Flashback Friday: Learning From Las Vegas (1972)

Driving down Las Vegas Boulevard in 1968-- the seeds of modern day Vegas were already planted.
Image from Learning From Las Vegas (1972)
In the autumn of 1968, architects Robert Venturi and Denise Scott Brown decided to take a group of Yale students on an infamous field trip-- one that would lead them to Las Vegas. Equipped with cameras, both in hand and strapped to the hood of a rented Ford, the group studied and photographed every hotel, motel, sign, and gas station along the infamous Las Vegas strip. Their findings, assembled, archived, and analyzed in the landmark text four years later Learning From Las Vegas (1972) not only helped launch the Postmodern Architecture movement, but also brought a level of serious critical inquiry into the popular, spectactular and strange spatial landscape of Sin City.

It was Venturi and Scott Brown I was thinking of on my recent visit to Vegas. I have always had a fascination with the place, going back to family trips as a kid when we would roll through Vegas in my Dad's Volkswagen van en route to visiting relatives in Arizona. Playing carnival games at the Circus Circus hotel while my parents played slot machines, I fondly recall escaping for a short time into a fantasy world of windowless rooms, bright neon lit streets, 24 hour access, and all you can eat buffets.

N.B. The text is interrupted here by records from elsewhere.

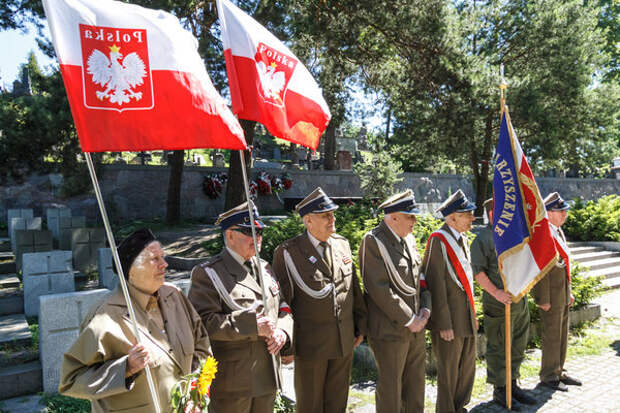 Ветераны АК в Вильнюсе спустя 73 года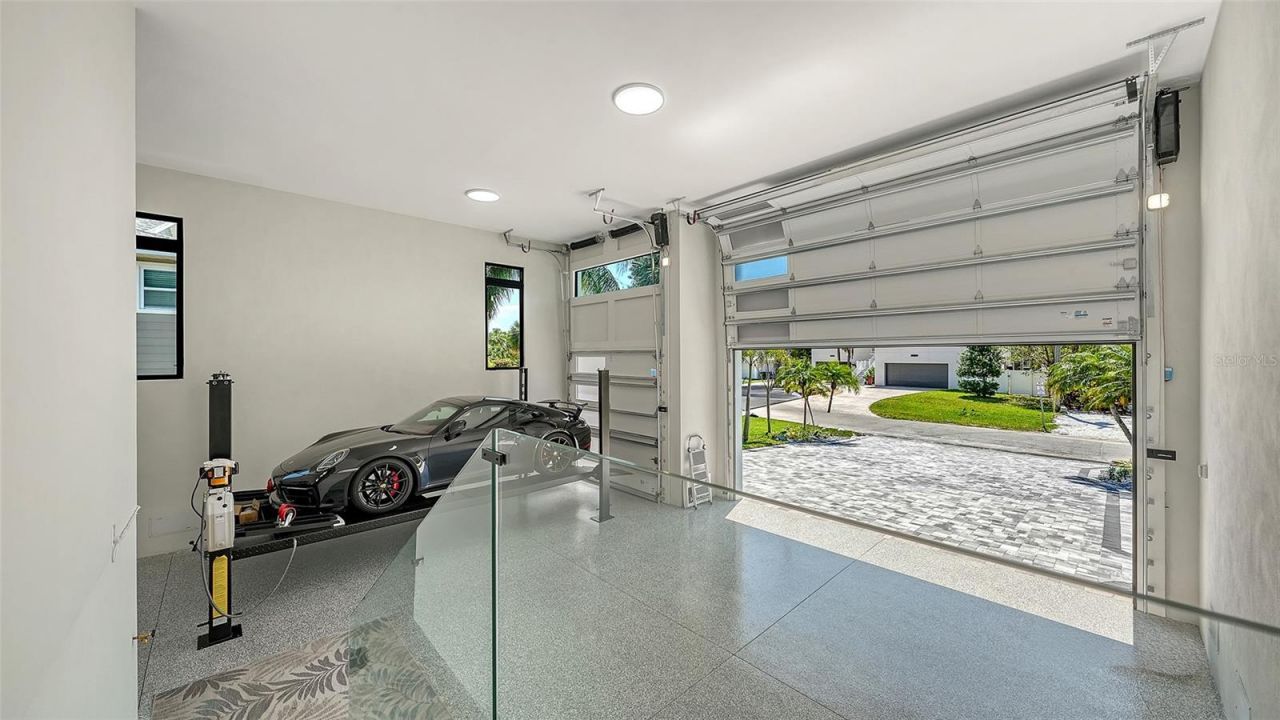 413 Island Circle, Sarasota, FL 34242 Photo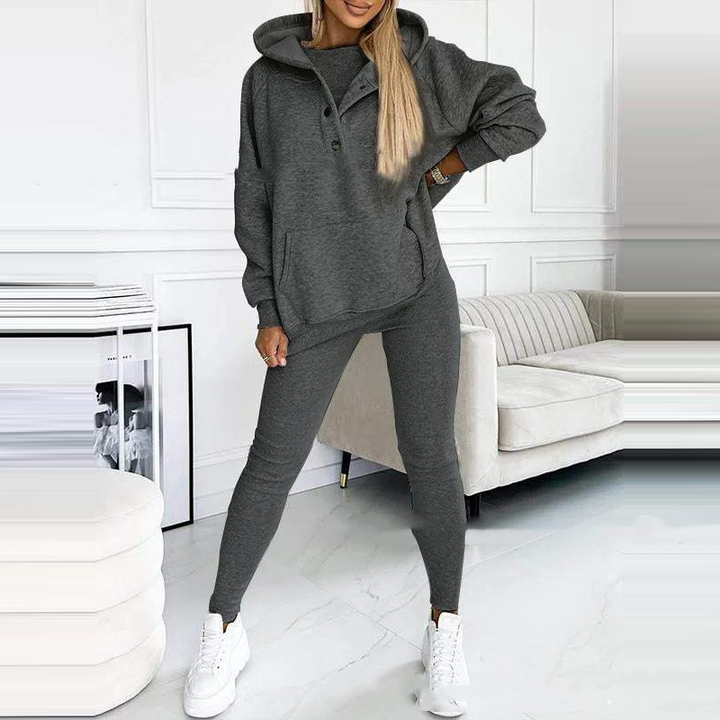 Soft & comfortable women's 3-piece loungewear set, a cozy outfit for relaxing or casual outings. Trendy design.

But while Vegas remains a place of play, it is rarely taken seriously as a cultural destination. It wasn't until I studied Learning From Las Vegas in an architecture seminar in grad school that I began to see the Vegas of my childhood memories in a completely new way. How incredible, I thought, it would be to create a field school in one of the most dynamic architectural environments of the planet. Indeed, what we see in Vegas is undoubtedly the synthesis of the "both/and" hallmark of contemporary postmodernism, a place to study where popular and high culture intersect and transform.

Below, I am sharing a fascinating 1984 interview with Robert Venturi and Denise Scott Brown where they encourage audiences to see architecture as a kind of cultural symbolism and to aknowledge the complexity, contradiction, and ambiguity of the urban spaces they inhabit. Next time you find yourself in Las Vegas, remember to look and experience with new eyes.


The semiotics of postmodern architecture can be traced back to the early study of Las Vegas.
Image from Learning From Las Vegas (1972)
Las Vegas 2013-- a cacophony of visual and spatial stimuli
Image from my recent visit to Vegas.
Vegas remains a place of temporal fantasy, a new spectacle around every corner,
such as this pop-up wedding chapel.
Instagram image from my recent visit to Vegas.
Hotelier Steve Wynn paid $34 million at auction for Jeff Koons Tulips (2004),
It is now on public display in the lobby of the Wynn Hotel,  a fitting and symbolic
tribute to convergence of popular and high culture in Las Vegas.
Instagram image from my recent visit to Vegas.
Further Reading:

Culver, Lawrence. "Sin City or Suburban Crucible? Searching For Meanings in the New Las Vegas." Journal of Urban History 35(7): 1052-1058 (2009).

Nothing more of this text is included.